Any machine defined by its extremes is sure to draw polarizing reactions and no vehicle embodies this more than the Model X. Simultaneously displaying warp speed thrust and, at times, mind-boggling complexity, there are very clear Tesla Model X pros and cons. Check them out here:
2018 Tesla Model X Pros and Cons
Power: In P100D trim, the SUV deploys twin electric motors to push the Model X to 60 mph in a reported 2.9 seconds. It can zap a left-lane lollygagger in an instant, accelerating from 45 to 65mph in a scant 1.4 seconds. Combined horsepower numbers for the performance edition are hard to nail down but it is known that the front motor makes 259 horses and the rear produces 503 ponies, more than enough for this 5,381lb SUV to show its taillights to any number of high-dollar sports cars.
Technology: Tesla’s star centerpiece of the interior, its fabulous 17-inch touchscreen display is instantly intuitive to a generation of drivers ingrained in the swiping, pinching, and tapping of handheld tablets.
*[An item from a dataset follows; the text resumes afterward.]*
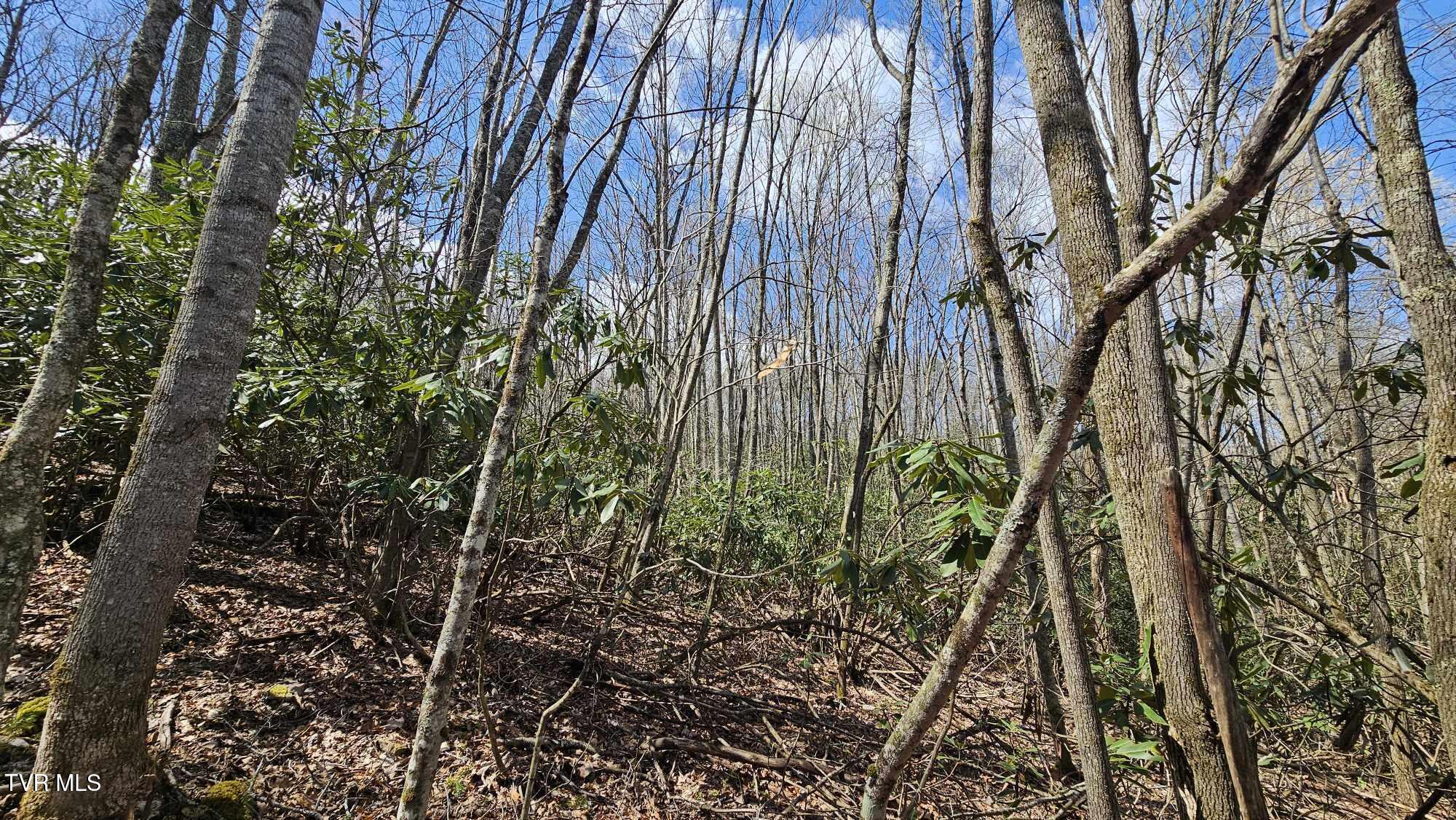 4183 Stone Mountain Road, Coeburn, Virginia image 10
Highly visible maps, jumbotron-style view for the backup camera, and boasting a 1920×1200 resolution, the Model X’s infotainment system is leagues better than anything else in today’s market.
Range: Barring a day of constant dragstrip launches, the Model X will eclipse the 250-mile barrier on a single charge, with the company advertising a 289-mile range as rated by the EPA. Tesla invested heavily in building Supercharger stations around the country, so many owners in urban areas never feel the dreaded range anxiety that used to be part-and-parcel of the electric car experience.
Style: Save for the Model X’s panoramic windshield, which makes the SUV look like it has a really high forehead, the rig looks fantastic as it does a great job of incorporating Tesla family design choices onto an SUV. The narrow headlamps give it the look of a suspicious cat, while the chrome spears serving as door handles would look at home on a hyper-luxury sedan. The rear passenger Falcon Wing doors are simultaneously completely unnecessary and completely fabulous.
ALSO SEE: 2018 Tesla Model 3 Pros and Cons
Prestige: Whether one feels it is earned or not, the Tesla brand has curated a significant level of status, jockeying with Mercs and Jags for prime valet space in front of fancy hotels around the world. Wheeling a Model X around town announces a statement of “I’m rich, I’m an early adopter, and I’m saving the planet.” If that Model X is a P100D with Ludicrous Mode engaged, one can add “Now, get out of my way,” to that statement.
Value: It’s true the Model X packs in an impressive amount of technology, not the least of which the ability to travel nearly 300 miles in an SUV on a single charge of electricity. However, a check-all-the-boxes fully loaded P100D model can crest $150,000 including destination fees. Federal rebates do exist to offset some of that cost, but it is unclear how long those incentives will remain.
Form Over Function: There are several features of the Model X that are completely over-engineered simply in an effort to be cool or different. The jaw-dropping Falcon Wing doors are effortlessly cool but don’t really do anything practical beyond allowing access in a really tight space, something a sliding minivan door does equally well but without the theater. Optional second-row bucket seats look fantastic with their monopost design but cannot be folded to free up more cargo room after an especially productive trip to IKEA.
Reported Build Quality: Many corners of the internet are awash with reports of Model X quality problems one would find unacceptable on an entry-level economy car, let alone on a status symbol costing in excess of $100,000. Die-hard fans of the brand are more than happy to gloss over any quality issues, being far more forgiving than customers of traditional mass-market brands.
Company Future: As a company, Tesla regularly fails to post a quarterly profit, concerning in the automotive industry where profits are kinda important in order to stay afloat and make more cars. The company’s CEO, Elon Musk, is quite adept at raising capital in unique ways (Tesla flamethrower, anyone?) but Tesla itself has generally had a hard time adding scratch to its balance sheet by selling cars. Musk has been quoted this year saying he fully expects the company to be “profitable and cash flow positive” by the end of this year.